War on the Rocks:

By FARZIN ZANDI

“Today, you can get in a car in Tehran and get out in the Dahia, Beirut.” Five years and two months after Gen. Qasem Soleimani made this statement, the Islamic Republic of Iran is in retreat. Iran’s air and ground lines of supply to Lebanon now go through Sunni-dominated Syria, where the Assad regime recently crumbled. Even if Iran could more easily get to Lebanon, Hizballah is the weakest it has been in over a generation, having been relentlessly battered by Israel. In the words of one high-ranking commander in Iran’s Revolutionary Guard Corps: “We lost, we badly lost.”

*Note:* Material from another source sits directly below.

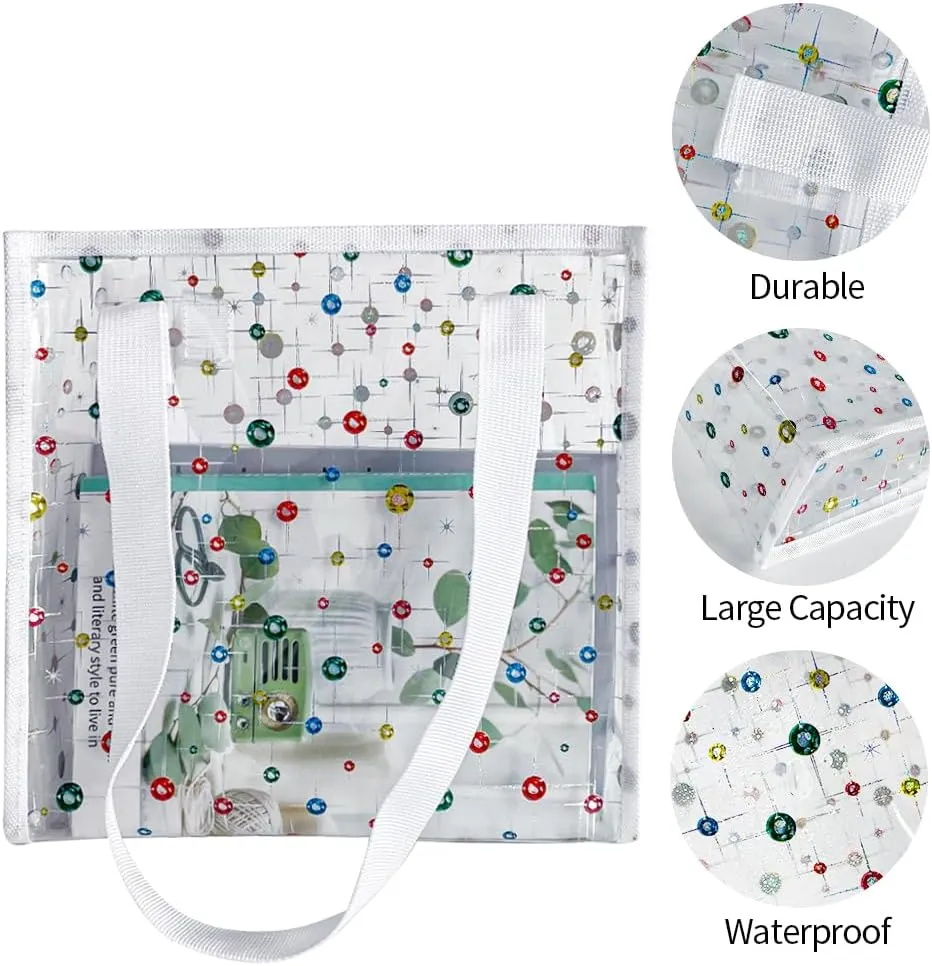 ONEART Clear Tote Bag PVC Holographic Waterproof Small Handbag Transparent Daily Shopping Pouch Bag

Iran’s ability to deter and wage war in recent decades was largely through gray zone methods. And the structures, resources, and allies that allowed it to do this are now in tatters. But the erosion of Iran’s gray zone strategy was already happening when Assad was still in power and Hizballah loomed over Israel as a fearsome threat. Iran’s economic dysfunction and political disarray prevented it from building and sustaining resilience. This analysis highlights how Iran’s economic malfeasance, fueled by internal divisions among government stakeholders, has undermined its geopolitical ambitions and prevented it from converting regional influence into sustainable economic leverage, marking a potential turning point in its regional strategies.

Battle in the Fog

Iran’s gray zone strategy refers to a strategic approach that operates between conventional warfare and peacetime competition. Characterized by ambiguity, deniability, and reliance on proxies, Iran uses organizations like Hizballah in Lebanon, the Houthis in Yemen, and militias in Iraq and Syria to project influence and challenge adversaries — such as confronting the United States as the dominant external power in the Middle East, along with its regional allies, Israel and Saudi Arabia. Through asymmetric tactics — including political, economic, social, intelligence, and military support for various non-state actors — Iran pursues its geopolitical objectives while avoiding full-scale conflict. This strategy enables Tehran to expand its regional influence, counterbalance its rivals, and maintain plausible deniability in the face of international criticism or retaliation. The United States has sought to counter this strategy through various means, focusing particularly on “push back” and “roll back” approaches.